# Форум на русском языке  > Разное  > Опросы  >  ICQ-клиент (для пользователей Windows)

## Макcим

Каким ICQ-клиентом пользуетесь?

----------

Надоело быть жертвой? Стань профи по информационной безопасности, получай самую свежую информацию об угрозах и средствах защиты от ведущего российского аналитического центра Anti-Malware.ru:

----------


## Синауридзе Александр

Не пользуюсь и другим не даю! :Cheesy:

----------


## Макcим

Kuzz, ты же линуксоид?

----------


## Синауридзе Александр

> Kuzz, ты же линуксоид?


И что?

----------


## Kuzz

> Kuzz, ты же линуксоид?


И под Windows приходится бывать.
А Gaim/Pidgin у меня на флешке в портабельном варианте.
Удобно: из профиля в портабельный и обратно ф-лы настроек и историю перебрасывать. Такая себе синхонизация))

Только главный недостаток Pidgin-а (теперь он так называется) это хранение паролей в открытом виде.

----------


## Макcим

> И что?


Опрос расчитан на Windows пользователей  :Smiley:

----------


## Синауридзе Александр

> И под Windows приходится бывать.


А я подумал, что ты линуксовой версией пользуешься. :Smiley:

----------


## Макcим

> Только главный недостаток Pidgin-а (теперь он так называется) это хранение паролей в открытом виде.

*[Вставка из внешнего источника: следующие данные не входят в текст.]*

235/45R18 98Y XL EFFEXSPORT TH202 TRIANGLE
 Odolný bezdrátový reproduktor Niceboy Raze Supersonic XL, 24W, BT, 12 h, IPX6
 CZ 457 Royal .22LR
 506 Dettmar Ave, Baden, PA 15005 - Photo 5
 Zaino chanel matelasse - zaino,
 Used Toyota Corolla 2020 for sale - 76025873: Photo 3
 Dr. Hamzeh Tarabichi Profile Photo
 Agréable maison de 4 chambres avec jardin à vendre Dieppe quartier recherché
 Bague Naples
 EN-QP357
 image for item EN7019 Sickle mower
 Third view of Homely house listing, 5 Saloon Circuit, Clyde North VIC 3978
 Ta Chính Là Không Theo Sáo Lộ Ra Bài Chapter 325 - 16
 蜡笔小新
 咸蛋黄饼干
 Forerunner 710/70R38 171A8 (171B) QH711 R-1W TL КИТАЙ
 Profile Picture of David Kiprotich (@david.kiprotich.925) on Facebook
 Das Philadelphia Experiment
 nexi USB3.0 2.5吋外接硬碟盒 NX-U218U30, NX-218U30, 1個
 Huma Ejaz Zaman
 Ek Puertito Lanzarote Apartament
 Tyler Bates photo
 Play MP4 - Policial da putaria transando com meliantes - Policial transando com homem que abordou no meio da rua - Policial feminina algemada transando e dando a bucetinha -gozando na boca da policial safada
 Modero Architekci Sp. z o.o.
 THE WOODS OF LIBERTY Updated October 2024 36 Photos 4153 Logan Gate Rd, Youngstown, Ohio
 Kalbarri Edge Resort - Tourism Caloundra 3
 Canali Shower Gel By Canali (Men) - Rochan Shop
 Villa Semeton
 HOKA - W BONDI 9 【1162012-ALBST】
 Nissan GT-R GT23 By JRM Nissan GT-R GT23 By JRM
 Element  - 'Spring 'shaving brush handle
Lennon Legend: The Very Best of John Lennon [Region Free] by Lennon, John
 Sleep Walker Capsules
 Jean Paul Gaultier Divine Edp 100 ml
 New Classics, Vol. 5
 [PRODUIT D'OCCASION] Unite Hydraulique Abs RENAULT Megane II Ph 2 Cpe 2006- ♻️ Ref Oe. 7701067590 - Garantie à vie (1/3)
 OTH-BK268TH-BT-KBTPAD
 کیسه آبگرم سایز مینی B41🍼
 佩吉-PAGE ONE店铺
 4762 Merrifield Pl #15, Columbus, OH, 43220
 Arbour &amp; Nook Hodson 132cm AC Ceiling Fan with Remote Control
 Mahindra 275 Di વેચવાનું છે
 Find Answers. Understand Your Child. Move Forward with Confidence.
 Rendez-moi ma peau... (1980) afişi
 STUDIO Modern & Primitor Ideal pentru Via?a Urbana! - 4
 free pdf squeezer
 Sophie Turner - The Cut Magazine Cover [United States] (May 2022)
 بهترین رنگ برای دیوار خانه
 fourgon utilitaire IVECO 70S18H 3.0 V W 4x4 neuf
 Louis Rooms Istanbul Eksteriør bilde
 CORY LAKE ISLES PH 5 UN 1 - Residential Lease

Опасный недостаток, не знал.

----------


## Синауридзе Александр

> Опрос расчитан на Windows пользователей


Прошу прощенья. Я не знал. :Smiley: 

*Добавлено через 1 минуту*




> Опасный недостаток, не знал.


Это смотря какой версией пользуешься. Если виндовой то да. :Smiley:

----------


## Groft

выбираю qip! Не грузит, прост, бесплатен, удобен!

----------


## Surfer

infium

----------


## Alex Plutoff

-под Win, *QIP*
-под LINUX, *Kopete*

----------


## rubin

qip

----------


## QstN

в основном qip, но иногда "крысой" :Wink:

----------


## senyak

Миранда и квип. Миранда красивей и более функциональней, и поэтому больше ее использую

----------


## StuPPvir

qip не напрягает реклама.

----------


## 1205

QIP. Быстрый, удобный, функциональный, нет глюков, как на ICQ 5-6. Правда дизайн у квипа убогий, но можно ставить темы.

----------


## калека

Квип в отличии от других клиентов имеет мало "багов". (кроме infium(а) ) -насколько я знаю ое еще имеет статус "бета" . функциональность намного больше чем у icq 5-6 .

----------


## XP user

QIP. Отпрыск заставил...

Paul

----------


## Step

Дома QIP 2005. С собой на флешке таскаю Infium.

----------


## ScratchyClaws

Миранда)) это как паззл - и красиво и собирать интересно))))

----------

Надоело быть жертвой? Стань профи по информационной безопасности, получай самую свежую информацию об угрозах и средствах защиты от ведущего российского аналитического центра Anti-Malware.ru:

----------


## Белый Сокол

> Миранда)) это как паззл - и красиво и собирать интересно))))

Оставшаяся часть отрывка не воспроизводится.